In conventional usage, the term genre describes different types in a larger category. For example, in the larger category of film, different types include action, horror, and romantic-comedy. In the larger category of writing, different genres include fiction, nonfiction, poetry, and drama. However, a broader understanding of Genre knowledge expands the conventional use of genre to include all repeated forms of spoken and written communication that have developed over time through repeated use. Typical examples include everyday genres such as reports, grants, articles, press releases, proposals, lab reports, and legal briefs. Such forms evolve over time as people adapt them for new purposes and situations. As such, genres are forms of social practice that play an important role in the shaping of community values and beliefs, as well as cultural spaces that enact and reproduce different social relations, identities, and power dynamics. Genres guide and shape our interactions with each other, while providing templates for enacting agency in a diverse and multicultural world.

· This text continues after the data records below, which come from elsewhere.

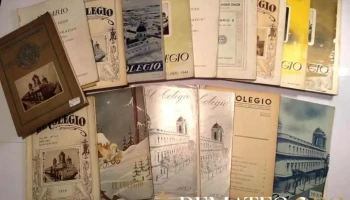 17 libros El Colegio del Sagrado Corazon decadas 40 y 50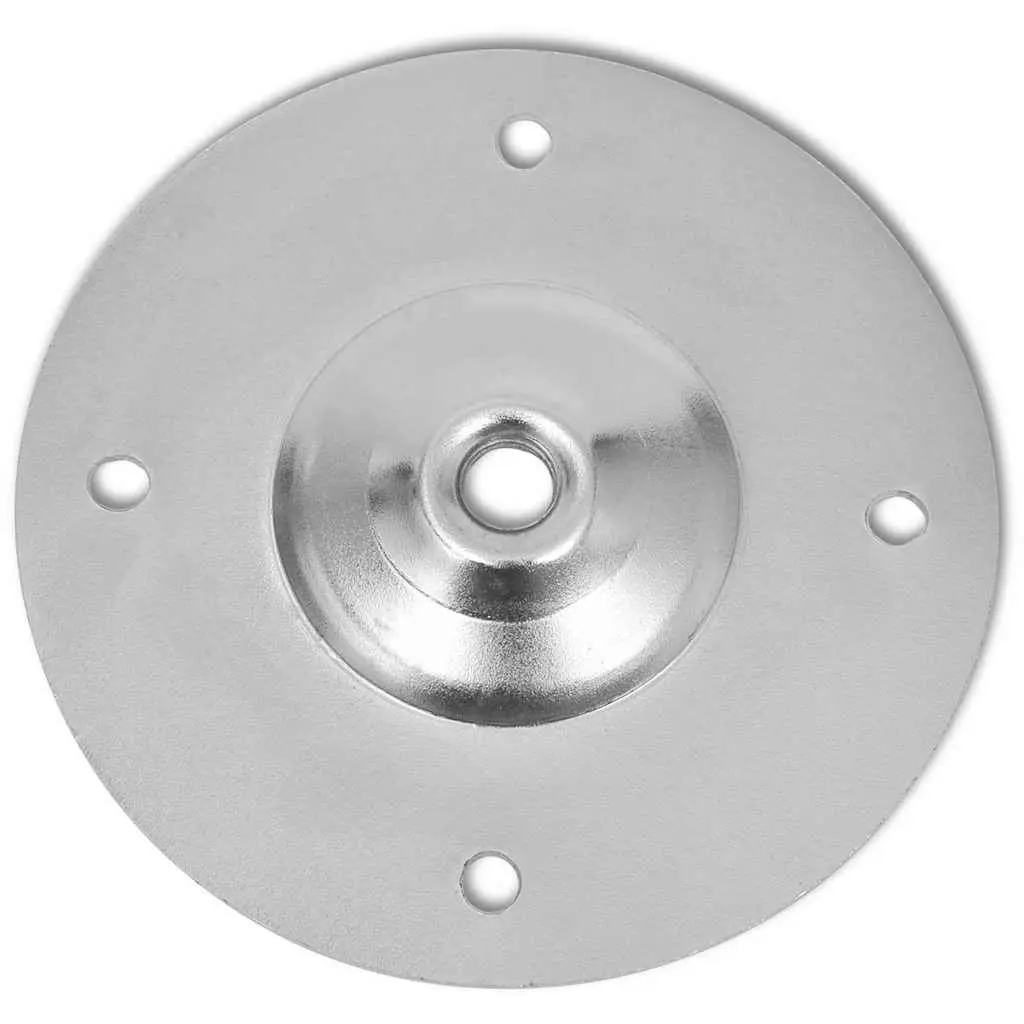 Adjustable Telescopic Table Legs Chrome 4 Pieces Height 710 mm to 1100 mm Suitable for Desks Worktops Breakfast Bars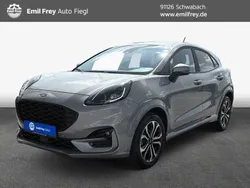 Silber Gebraucht 2023 Ford Puma ST-Line SUV | 24.990 € (Fairer Preis)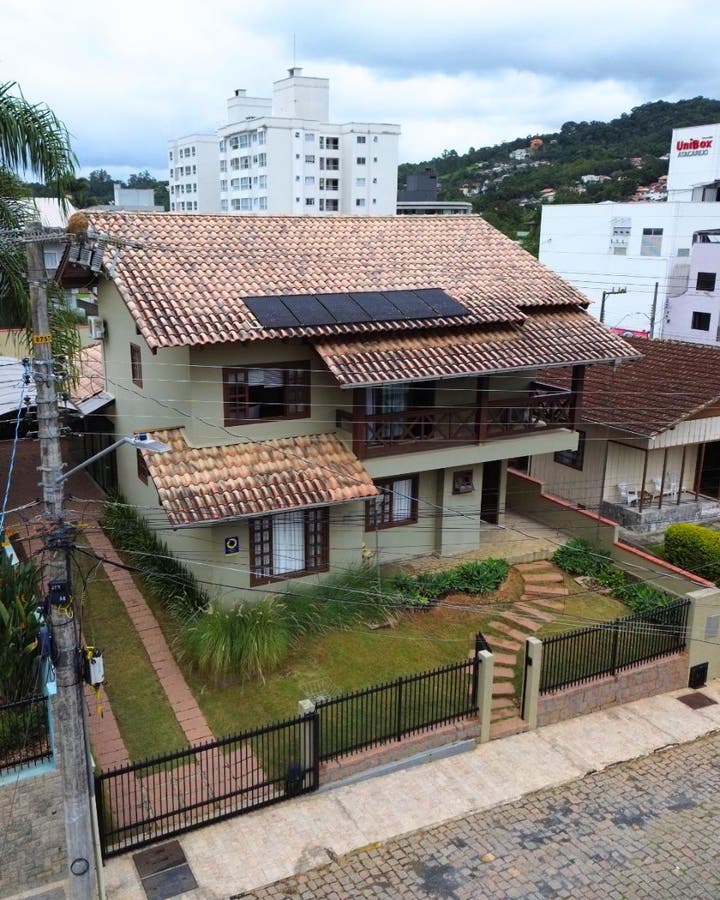 CASA DE ALTO PADRÃO NO BAIRRO EUGÊNIO SCHNEIDER - RIO DO SUL - Casa em Eugênio Schneider, Rio do Sul - à venda - Sebold Imóveis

Students who are developing their awareness of genre:

  • Recognize when a particular genre is in use
  • Describe the formal features of a genre of writing and how it tries to address a specific audience
  • Apply knowledge of specific genres to effectively compose and write for specific audiences both individually and collaboratively
  • Reproduce or modify a genre to fit the rhetorical needs of specific situations
  • Are aware of the ways genres shape identity and social relations

Who we are–including what and how we know, value, believe, and do–shapes and is shaped by how we communicate within and across particular communities. As writers, but also as family members, neighbors, colleagues, and citizens, how we communicate helps to determine what it means to belong within particular communities, who gets to belong, and to what extent. Belonging in a community can be a beautiful, powerful thing, and with that power comes access to resources and opportunities. After all, that’s what college is all about, isn’t it: gaining access to a particular community and its attendant resources and opportunities? However, as is all too often the case, communities can be unnecessarily exclusive, and the ways that they value or devalue particular forms of communication–whether intentionally or not–exclusionary. Discourse community knowledge helps us recognize this relationship between community identity and writing so that we can more critically and equitably shape what it means to belong.

Students who are developing their awareness of discourse communities:

  • Study others’ writing not just as evidence of a skillset but as discourse, or what linguist James Paul Gee calls an identity kit, i.e. how we know, value, believe, and do in ways that determine who we are and where we belong.
  • Scrutinize why particular ways of writing (including genre conventions, writing processes, and rhetorical situations) and languaging (including language varieties, dialects, and registers) are privileged by particular groups of people in particular situations (i.e. discourse communities)
  • Make informed decisions about adhering to and upholding particular writing and language values and practices with the aim of contributing to a more just and equitable world.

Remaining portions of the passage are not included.